When applying for jobs, your CV is the first insight your prospective employer gains into your character and qualifications. As well as making sure it is well written, contains your contact information, and stays concise, you must include three key elements.
Many jobs require experience these days, so you need to include your career history. Don’t worry about how relevant it seems. It is possible to mould most experiences so they reflect on how you can operate in your next working environment.
Here you can also include any details of voluntary work, as well as temporary positions. If you are writing a CV for the first time and do not have any experience, voluntary work is a great place to start. Employers ultimately love to see something rather than nothing, so consider your options.
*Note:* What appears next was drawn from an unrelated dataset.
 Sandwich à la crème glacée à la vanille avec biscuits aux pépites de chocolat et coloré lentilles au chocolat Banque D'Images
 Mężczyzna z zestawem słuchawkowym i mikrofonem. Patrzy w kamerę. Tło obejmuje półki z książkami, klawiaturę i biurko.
Online volunteering is available to those who cannot get full-time positions, or you may want to consider freelancing. When writing your career history, start with your most recent job first and work backwards.
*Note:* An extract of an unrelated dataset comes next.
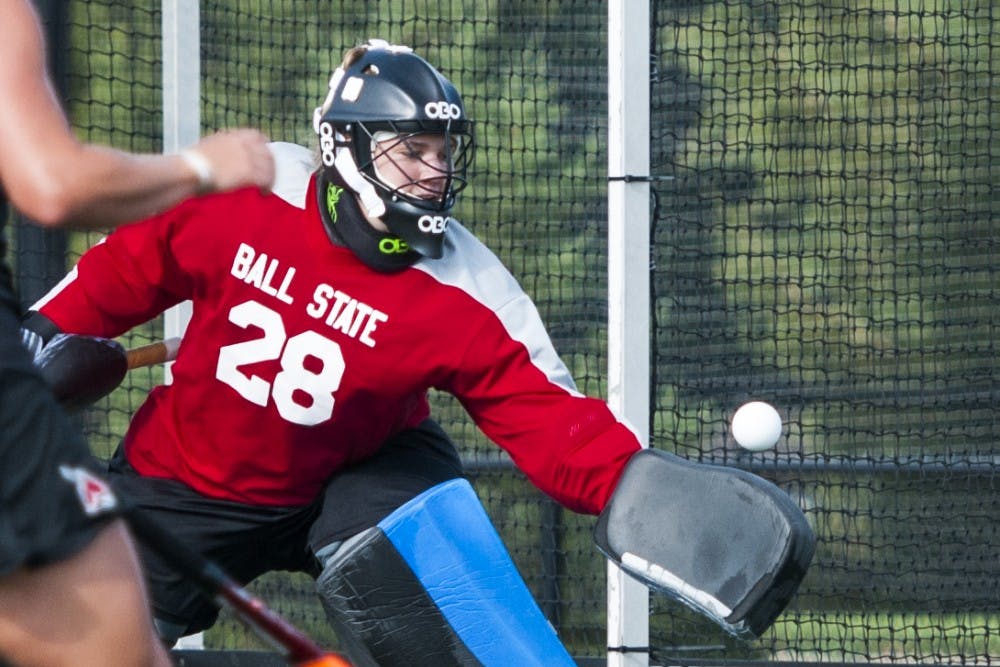 Junior goalie Shelby Henley blocks the Indiana University shot during the game on Sept. 17 at the Ball State turf field. DN PHOTO JONATHAN MIKSANEK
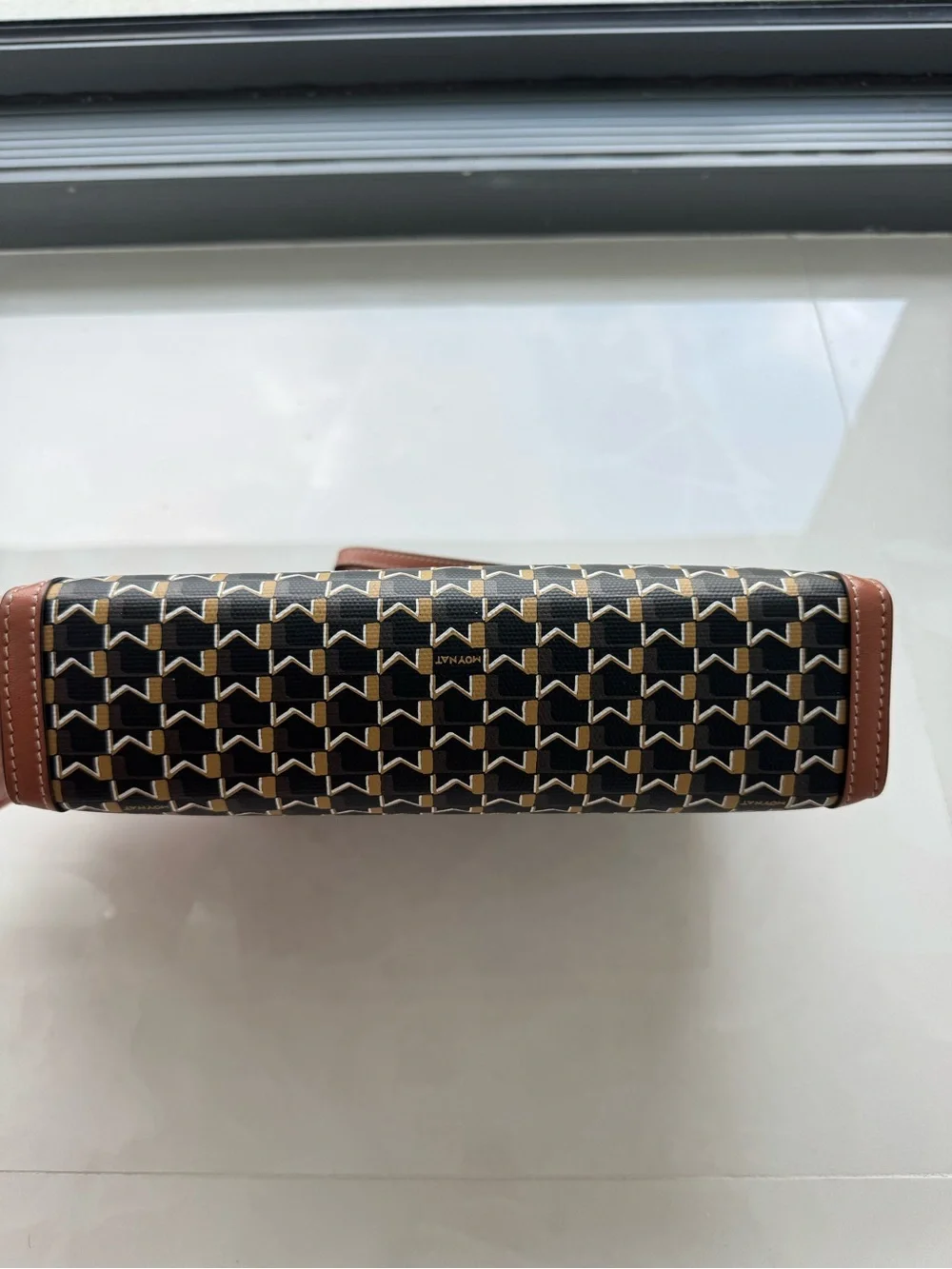Moynat M Nomad Pouch (brown M monogram canvas with leather trim and wrist strap)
If you have any gaps in your employment, explain them at the end. Having a lot of career history is good, but you should forgo including anything too irrelevant. For example, the three weeks you spent washing pots at your local pub when you were 14.
Include your qualifications, starting from your highest attainment to your most basic achievements. For example, this could begin with a postgraduate degree and end at your GCSEs. Don’t have any qualifications?
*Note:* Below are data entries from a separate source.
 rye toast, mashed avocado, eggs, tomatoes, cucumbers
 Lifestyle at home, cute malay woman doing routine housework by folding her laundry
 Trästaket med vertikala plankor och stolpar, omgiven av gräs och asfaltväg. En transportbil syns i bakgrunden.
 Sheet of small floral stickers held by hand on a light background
Try not to panic, it’s hardly the end of the world. However, you do need to begin working towards achieving some.
It is possible to take free skills courses online via Vision2Learn, Barclays, Alison, and even the BBC. You may also find that your local college offers courses, with funding.
Qualifications and career experience tell employers what you have done. They don’t, however, tell them how you are suitable for the job you want them to hire you for. This is where your personal profile comes in. It can include your personal achievements, such as awards you have achieved and publications that have printed your work. It can also include how your skills are well matched to the job.
Don’t worry if you do not have anything ‘official’ for this space; you can tailor your not-so-obvious skills easily. For example, communication, being able to lead, liaising with individuals from all backgrounds, IT…all of these skills don’t have to come with qualifications.
Finally, include something about your character and hobbies. Writing a CV is a careful process. As well as including the above sections, make sure you check it for correct spelling, punctuation, and grammar. With the right approach, you can make sure your CV impresses your future employer and lands you that job.